In this paper, Yb3+/Er3+ codoped oxide ferroelectric composites have been synthesized. As Er3+ ions can emit strong upconversion visible and downconversion near-infrared (NIR) emissions under 980 nm excitation. Yb3+ ions can efficiently absorb pumping photons under 980 nm excitation and transfer excitation energy to adjacent Er3+ ions. Based on the sensitivity of rare earth ions luminescence to crystal field inhomogeneities, Yb3+/Er3+ can be employed as luminescent probes to detect the reversible nanoscale bond perturbations of Bi4Ti3O12 under an electric field. The flexibility of the ferroelectric lattice, and the strong coupling of the crystal structure and polarization, enables the system to achieve reversible transformation of the electric field-induced structure. The reversible structure change of Bi4Ti3O12 ferroelectric material induced by an electric field can effectively modify Yb3+/Er3+ luminescence with non-volatile. The developed Yb3+/Er3+ codoped glass composite containing ferroelectric Bi4Ti3O12 nanocrystals have wide uses in storage and photonic devices.

2 Experimental procedures

The prepared samples were based on the system of B2O3-Bi2O3-TiO2-Al2O3, and nanocrystalline composites were prepared with different molar compositions of 48B2O3-28Bi2O3-21TiO2-1.5Al2O3-1Yb2O3-0.5Er2O3 (mol %), labeled as BTO. Yb3+/Er3+ were codoped into the ferroelectric Bi4Ti3O12 nanocrystalline composite through melt quenching and the heat treatment method. First the raw material (all reagents were bought from Aladdin Industrial Corporation, Shanghai, China) was weighed and thoroughly mixed. Then the raw materials were put into an electric muffle furnace at 1500°C for 40 min. The melt was poured onto a preheated stainless-steel plate. In order to remove the residual stress, the sample was transferred to a furnace at 500°C for 5 h. The obtained was cut into the appropriate size for measurement. And then the ferroelectric nanocrystals were formed in the glass matrix after a suitable heat treatment process. The heat-treated samples were optically polished and for the next test measurement. The measurements of the ferroelectric performance were performed using Radiant Precision Premier II technology (Radiant Technologies Inc., NM, USA). The annealed samples were separated into the uniform square (8×8 mm). The heat treatments of samples were accomplished in the same muffle furnace and then the samples were polished to the thickness of 0.25 mm. After cautious operation, all samples were optically tested to ensure the uniformity of chemical homogeneities. The visible and NIR emission spectra of the samples had unexceptionable consistency. In the ferroelectric test, the low-freezing-point silver paint of which curing temperature was around 80–100°C was coated evenly in the samples. The samples experienced 100°C for 60 min in the drying oven for the solidification of the sliver paint. Subsequently, the ferroelectric characteristic was recorded and varying electrical fields were applied to the samples. The visible and NIR emission performance was measured with the elevation of the electric field.

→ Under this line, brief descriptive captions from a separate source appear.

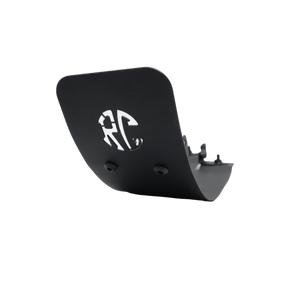 Sump Guard for Royal Enfield Continental GT 650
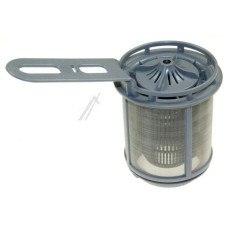 SMEG 693410355 GR.FILTER 45-01 693410355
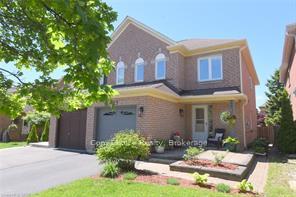 27-harnesworth-crescent-hamilton-ontario-x13451980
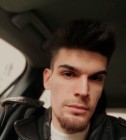 GiorgioDono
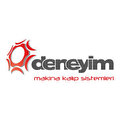 DENEYİM MAKİNA KALIP SİSTEMLERİ MÜHENDİSLİK İMALAT İNŞAAT SANAYİ VE TİCARET ANONİM ŞİRKETİ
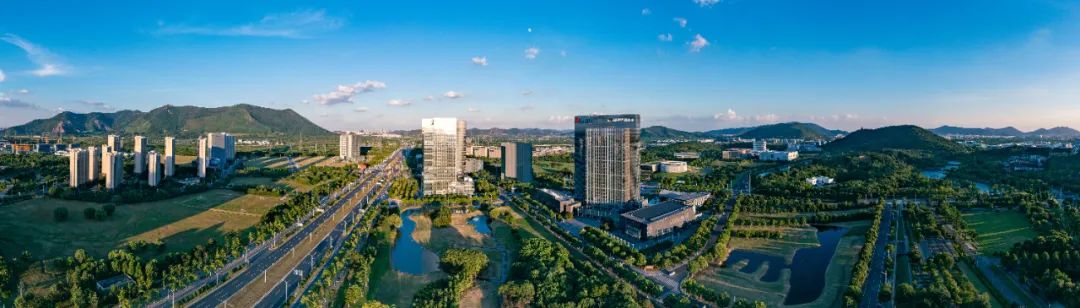 从日本直接转场韩国，苏州这个招商团真能拼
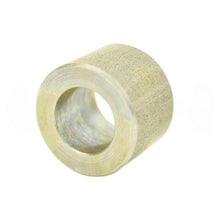 Aftermarket diesel engine part m-1064159, Spacer - Exh Manifold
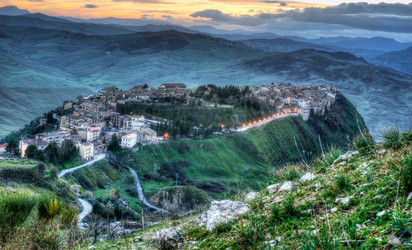 Similar image 7587880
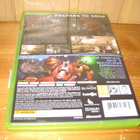 XBOX 360 Halo 3 ODST - pikkukuva 3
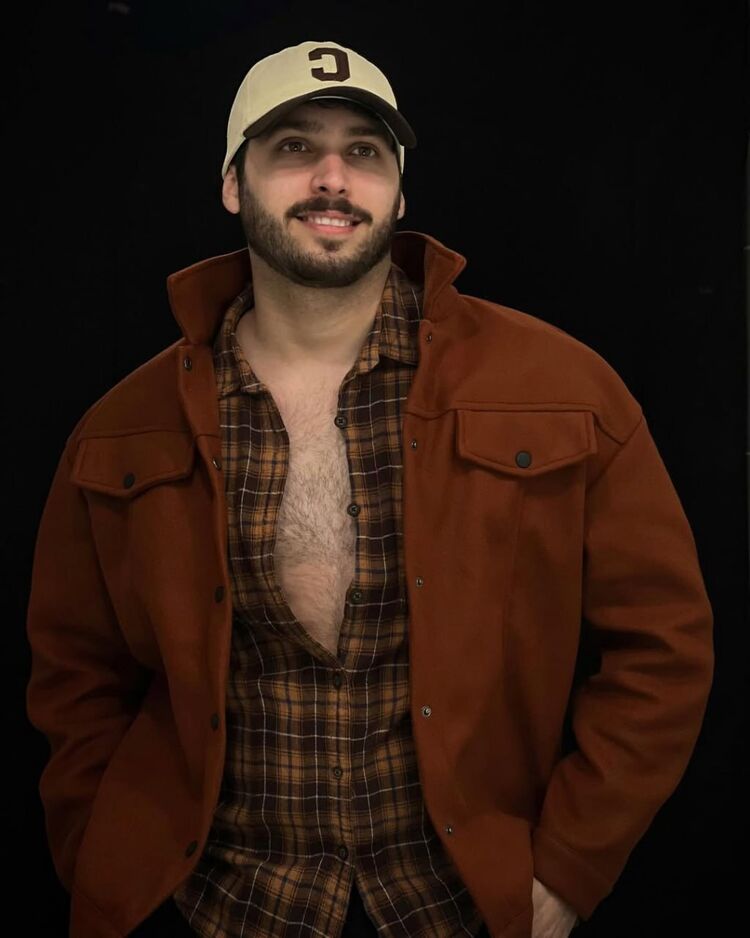 ���� 55497802 ������� ������, 35 ���, ���� ���������� � ������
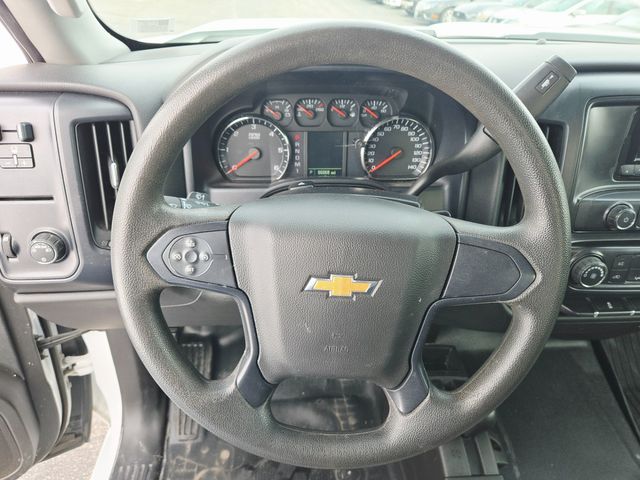 2015 Chevrolet Silverado 2500HD W/T | Ellisville, MO | AutoPort 2015 Chevrolet Silverado 2500HD W/T | Ellisville, MO | AutoPort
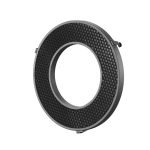 Godox R200-RHC40 – Grid 40° για τον ανακλαστήρα RFT25S της R200 Ring Flash κεφαλής [GD-R200-RHC40]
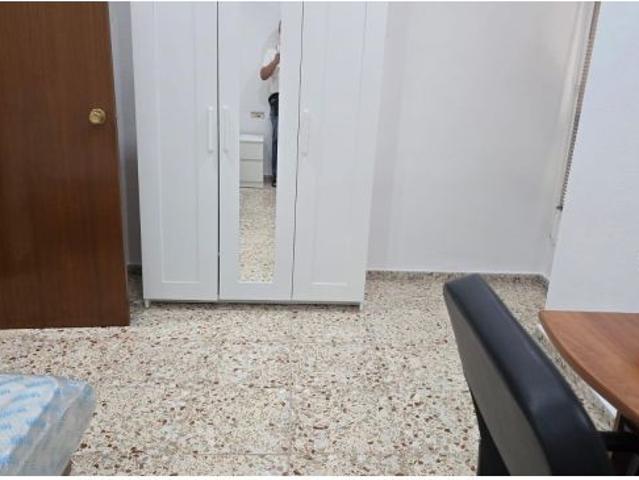 Piso en alquiler en Altabix, el Baix Vinalopó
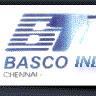 BASCO India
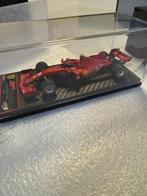 BBR - Model sportwagen - Ferrari SF1000, Nieuw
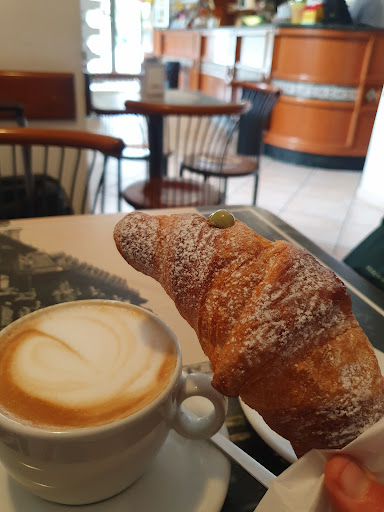 Bar Ligure Gralba Snc - Thumbnail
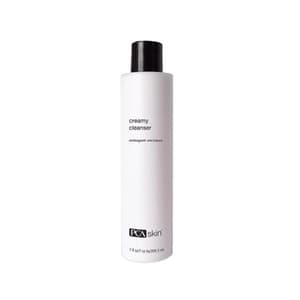 Creamy Cleanser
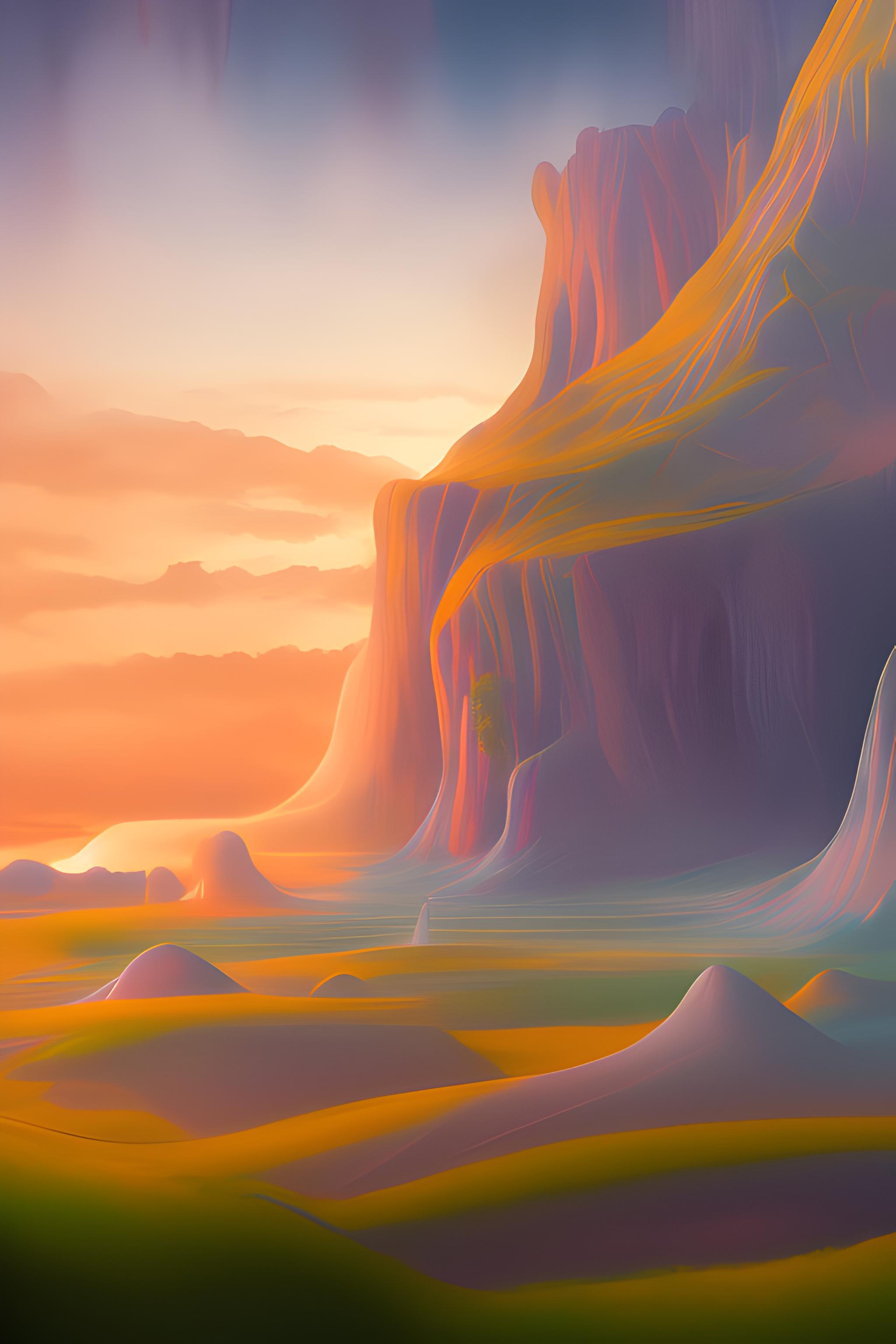 سكس عربي ساخن جنس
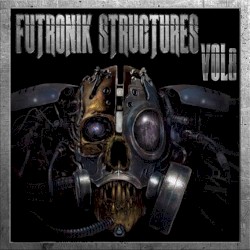 Futronik Structures Vol.8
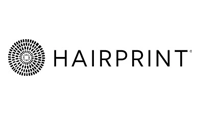 Hairprint-min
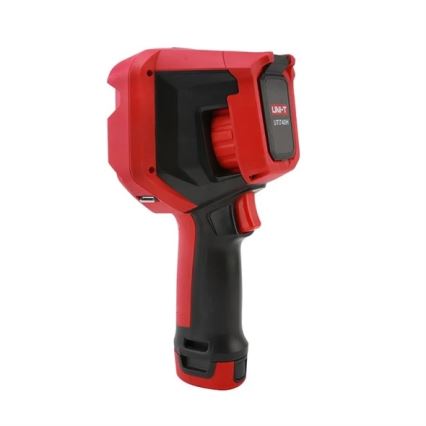 Uni-T - Thermal Imaging Camera 5200 mAh 384x288 px 3.7 V Wi-Fi IP54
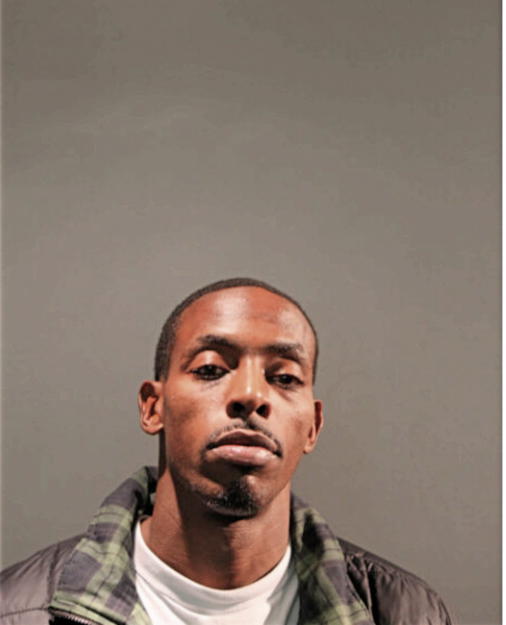 RAYMOND C SMITH, Cook County, Illinois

The crystallization temperature of the sample was measured using a Netzsch DTA 404 PC (DTA 404PC, NETZSCH, Free State of Bavaria, Germany) with a heating rate of 10°C/min. The X-ray diffraction (XRD) analysis pattern was obtained by using a Bruker D2 Phaser diffractometer (D2 PHASER, Bruker, Karlsruhe, Germany) equipped with Cu-Kα radiation. The Raman spectra of Yb3+/Er3+ codoped Bi4Ti3O12 nanocomposite was recorded by using Renishaw inVia Raman microscope spectroscopy (inVia-Reflex, Renishaw, Gloucestershire, UK). The microstructure of the precursor and the Bi4Ti3O12 composite was characterized by high-resolution transmission electron microscopy (TEM, Tecnai G2 F20, FEI, Hillsboro, OR, USA). The luminescence spectra of Yb3+/Er3+ in the amples were recorded using a Jobin-Yvon Fluorolog-3 fluorescence spectrophotometer (Fl-3-211, Jobin Yvon, Paris, France) and a 980 nm laser diode. The hysteresis loops were measured on a ferroelectric test system (Radiant Technologies Inc., NM, USA), and the sample under test was immersed in silicone oil to avoid leakage. All measurements were performed at room temperature.

3 Results and discussion

According to differential thermal analysis, the precursor samples were arranged at 680°C for 3 h for nucleation heat treatment. And then the samples were reheated by being treated at 760°C for 6 and 10 h, respectively. The samples based on heat treatment time were labeled as BTO-j (j=0, 6, 10). The XRD results of BTO-j samples are presented in Figure 1A. As shown in Figure 1A, the XRD pattern of the sample BTO-0 has no diffraction peak, indicating that no crystal phase is in the glass matrix. While some stronger diffraction peaks were presented after an additional heat treatment process. The sample diffraction peaks of BTO-6 and BTO-10 match well with standard card PDF#35-0795. It suggests that treatment sample contained the pure Bi4Ti3O12 crystal phase, and the crystal grain diameter in the BTO-10 sample can be calculated using the Scherrer formula to be about 10 nm. It can be extracted from Figure 1A that the diffraction peaks of BTO-6 and BTO-10 are significantly shifted to the right when compared to the standard card. A partial enlargement of the position from 29.3 to 34.2 degrees is shown in Figure 1B. Compared to the standard peak position, the diffraction peaks (171), (200) and (002) of BTE-6 and BTE-10 are all shifted to a large angle. The 2θ of the (171) plane in BTO-0 and BTO-10, respectively, are 30.057 and 30.4123. The diffraction peak of crystal plane (171) in BTE-10 is shifted by an angle of 0.355 degrees compared to the standard card. According to the Bragg equation, the interplanar (171) spacing of Bi4Ti3O12 reduced 0.034 Å after heat treatment for 10 h. The right shifting indicates that the lattice of Bi4Ti3O12 shrinks, which can be attributed to the introduction of Yb3+/Er3+ ions into the crystal lattice. As the charge number of Yb3+/Er3+ is the same as that of Bi3+, and the cation radius of Yb3+ (0.0868 nm) and Er3+(0.089 nm) is closer to Bi3+ (0.103 nm) than Ti4+ (0.0605 nm). Therefore, the result of Figure 2A may originate from the fact that the Yb3+/Er3+ ion preferentially replaces the Bi3+ ions, causing the disordered lattice. In addition, the shift of BTO-10 is significantly greater than that of BTO-6, which indicates that BTO-10 has more Yb3+/Er3+ in the Bi4Ti3O12 unit cell.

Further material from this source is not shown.